(Provided data)

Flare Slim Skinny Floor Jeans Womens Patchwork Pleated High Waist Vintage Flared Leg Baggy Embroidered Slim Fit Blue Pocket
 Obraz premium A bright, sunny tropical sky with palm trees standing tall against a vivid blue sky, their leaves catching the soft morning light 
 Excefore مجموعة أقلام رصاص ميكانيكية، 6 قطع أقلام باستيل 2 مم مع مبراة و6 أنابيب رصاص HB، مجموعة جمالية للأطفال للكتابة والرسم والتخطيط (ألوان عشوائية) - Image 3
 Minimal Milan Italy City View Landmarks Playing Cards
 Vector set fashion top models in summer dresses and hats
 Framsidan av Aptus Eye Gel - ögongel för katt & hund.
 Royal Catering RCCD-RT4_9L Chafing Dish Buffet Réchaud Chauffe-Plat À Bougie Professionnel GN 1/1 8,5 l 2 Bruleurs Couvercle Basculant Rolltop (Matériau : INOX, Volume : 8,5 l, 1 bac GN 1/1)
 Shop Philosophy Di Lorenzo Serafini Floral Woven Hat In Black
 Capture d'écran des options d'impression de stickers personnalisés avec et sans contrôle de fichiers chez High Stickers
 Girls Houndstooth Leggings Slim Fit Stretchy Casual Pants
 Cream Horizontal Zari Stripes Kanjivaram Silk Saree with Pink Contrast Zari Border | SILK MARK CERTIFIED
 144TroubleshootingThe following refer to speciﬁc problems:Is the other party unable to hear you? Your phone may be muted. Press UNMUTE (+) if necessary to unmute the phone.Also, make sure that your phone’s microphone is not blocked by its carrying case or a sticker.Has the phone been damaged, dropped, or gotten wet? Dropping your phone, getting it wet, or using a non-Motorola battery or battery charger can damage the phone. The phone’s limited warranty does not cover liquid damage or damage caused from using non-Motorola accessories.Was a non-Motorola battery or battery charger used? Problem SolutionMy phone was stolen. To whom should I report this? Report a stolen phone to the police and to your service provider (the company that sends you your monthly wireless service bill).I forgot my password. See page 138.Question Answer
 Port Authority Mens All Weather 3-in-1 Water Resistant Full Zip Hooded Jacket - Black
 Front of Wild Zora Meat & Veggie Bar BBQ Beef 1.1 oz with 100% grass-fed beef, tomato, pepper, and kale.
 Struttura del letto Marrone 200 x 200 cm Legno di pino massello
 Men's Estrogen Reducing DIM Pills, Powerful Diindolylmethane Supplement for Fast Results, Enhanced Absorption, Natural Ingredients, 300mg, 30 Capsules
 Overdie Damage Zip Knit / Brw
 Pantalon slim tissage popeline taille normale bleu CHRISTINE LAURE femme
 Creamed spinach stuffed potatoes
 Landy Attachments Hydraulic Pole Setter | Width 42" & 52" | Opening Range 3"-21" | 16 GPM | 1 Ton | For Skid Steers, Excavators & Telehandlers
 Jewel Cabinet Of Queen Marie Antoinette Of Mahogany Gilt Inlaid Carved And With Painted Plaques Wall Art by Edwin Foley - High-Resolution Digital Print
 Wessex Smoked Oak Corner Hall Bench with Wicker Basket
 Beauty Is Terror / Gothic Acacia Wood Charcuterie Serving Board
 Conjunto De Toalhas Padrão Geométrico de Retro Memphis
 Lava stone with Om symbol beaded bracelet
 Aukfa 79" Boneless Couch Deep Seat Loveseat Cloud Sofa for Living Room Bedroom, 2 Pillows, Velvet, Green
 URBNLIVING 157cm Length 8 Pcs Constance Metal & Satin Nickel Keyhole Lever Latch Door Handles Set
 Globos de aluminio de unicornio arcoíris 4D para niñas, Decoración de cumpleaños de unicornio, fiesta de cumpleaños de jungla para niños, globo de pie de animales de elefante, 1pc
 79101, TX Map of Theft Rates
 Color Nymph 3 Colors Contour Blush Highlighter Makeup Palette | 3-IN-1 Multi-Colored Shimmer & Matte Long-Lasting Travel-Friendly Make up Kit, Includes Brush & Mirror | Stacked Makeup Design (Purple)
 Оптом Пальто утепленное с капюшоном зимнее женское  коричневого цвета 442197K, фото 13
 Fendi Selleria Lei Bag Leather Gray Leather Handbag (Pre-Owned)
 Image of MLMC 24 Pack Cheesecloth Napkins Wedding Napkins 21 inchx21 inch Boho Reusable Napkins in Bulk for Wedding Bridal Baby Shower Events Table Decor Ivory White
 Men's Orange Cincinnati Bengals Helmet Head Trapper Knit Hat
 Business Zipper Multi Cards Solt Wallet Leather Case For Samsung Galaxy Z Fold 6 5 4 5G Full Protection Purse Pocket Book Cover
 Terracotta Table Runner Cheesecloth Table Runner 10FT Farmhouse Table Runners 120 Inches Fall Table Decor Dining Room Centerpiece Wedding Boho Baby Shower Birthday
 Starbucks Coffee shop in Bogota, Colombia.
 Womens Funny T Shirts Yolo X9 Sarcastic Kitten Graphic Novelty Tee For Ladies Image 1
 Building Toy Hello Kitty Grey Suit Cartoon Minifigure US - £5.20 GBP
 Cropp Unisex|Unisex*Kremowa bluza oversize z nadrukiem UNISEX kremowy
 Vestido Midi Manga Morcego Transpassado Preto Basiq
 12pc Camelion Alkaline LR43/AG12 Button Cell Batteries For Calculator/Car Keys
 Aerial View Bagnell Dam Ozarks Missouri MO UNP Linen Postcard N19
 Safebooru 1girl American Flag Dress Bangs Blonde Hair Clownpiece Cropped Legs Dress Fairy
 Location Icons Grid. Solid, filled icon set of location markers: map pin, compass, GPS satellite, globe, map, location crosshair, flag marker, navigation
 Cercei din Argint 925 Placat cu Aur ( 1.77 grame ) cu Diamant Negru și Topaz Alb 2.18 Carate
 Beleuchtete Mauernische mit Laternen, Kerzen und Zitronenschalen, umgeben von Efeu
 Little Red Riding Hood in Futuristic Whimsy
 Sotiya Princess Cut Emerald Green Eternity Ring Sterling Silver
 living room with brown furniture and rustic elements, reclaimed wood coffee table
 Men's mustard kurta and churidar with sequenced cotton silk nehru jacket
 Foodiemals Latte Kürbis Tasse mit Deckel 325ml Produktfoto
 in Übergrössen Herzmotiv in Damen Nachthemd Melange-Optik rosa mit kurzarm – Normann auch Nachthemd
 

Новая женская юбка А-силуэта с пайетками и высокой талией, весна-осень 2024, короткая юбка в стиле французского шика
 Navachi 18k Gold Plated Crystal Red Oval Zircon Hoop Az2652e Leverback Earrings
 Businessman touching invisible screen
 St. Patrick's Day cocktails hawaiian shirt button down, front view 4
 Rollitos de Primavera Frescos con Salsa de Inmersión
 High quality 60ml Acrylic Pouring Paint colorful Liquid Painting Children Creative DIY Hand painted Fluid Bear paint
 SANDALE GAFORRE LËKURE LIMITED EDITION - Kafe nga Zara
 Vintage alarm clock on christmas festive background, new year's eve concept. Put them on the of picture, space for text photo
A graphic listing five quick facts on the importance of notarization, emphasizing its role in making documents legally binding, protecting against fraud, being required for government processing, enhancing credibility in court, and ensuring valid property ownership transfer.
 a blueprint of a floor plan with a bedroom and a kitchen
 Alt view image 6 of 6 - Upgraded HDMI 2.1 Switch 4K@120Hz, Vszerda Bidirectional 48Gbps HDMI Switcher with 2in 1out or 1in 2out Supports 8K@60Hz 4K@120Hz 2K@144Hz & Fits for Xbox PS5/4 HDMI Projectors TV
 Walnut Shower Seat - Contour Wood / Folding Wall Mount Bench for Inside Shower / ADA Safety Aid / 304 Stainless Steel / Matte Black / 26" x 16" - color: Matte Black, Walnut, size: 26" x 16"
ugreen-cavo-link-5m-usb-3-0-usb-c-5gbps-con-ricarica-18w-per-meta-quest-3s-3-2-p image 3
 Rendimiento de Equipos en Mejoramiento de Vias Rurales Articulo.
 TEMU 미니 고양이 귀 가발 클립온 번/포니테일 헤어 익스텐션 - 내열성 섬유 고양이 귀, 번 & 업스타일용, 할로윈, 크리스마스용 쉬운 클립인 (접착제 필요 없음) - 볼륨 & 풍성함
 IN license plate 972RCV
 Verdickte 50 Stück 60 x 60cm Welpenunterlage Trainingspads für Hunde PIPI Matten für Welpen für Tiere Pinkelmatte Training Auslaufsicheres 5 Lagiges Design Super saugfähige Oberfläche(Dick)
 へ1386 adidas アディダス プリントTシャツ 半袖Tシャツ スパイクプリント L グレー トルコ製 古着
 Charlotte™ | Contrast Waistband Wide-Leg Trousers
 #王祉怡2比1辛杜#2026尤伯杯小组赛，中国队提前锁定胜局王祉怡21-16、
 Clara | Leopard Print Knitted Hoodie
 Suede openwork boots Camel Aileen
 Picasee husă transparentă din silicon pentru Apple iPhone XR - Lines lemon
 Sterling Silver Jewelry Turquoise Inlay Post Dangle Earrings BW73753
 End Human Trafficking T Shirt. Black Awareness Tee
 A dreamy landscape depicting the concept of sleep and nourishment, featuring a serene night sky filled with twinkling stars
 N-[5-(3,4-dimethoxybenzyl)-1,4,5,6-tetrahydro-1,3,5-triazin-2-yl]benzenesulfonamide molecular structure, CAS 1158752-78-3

(End Provided data)

*What is being asked:* Go back to the listing above. Copy word for word the lines from the one with "Location Icons Grid." through the one with "Cercei din Argint", and nothing more.

*The completed task:*
 Location Icons Grid. Solid, filled icon set of location markers: map pin, compass, GPS satellite, globe, map, location crosshair, flag marker, navigation
 Cercei din Argint 925 Placat cu Aur ( 1.77 grame ) cu Diamant Negru și Topaz Alb 2.18 Carate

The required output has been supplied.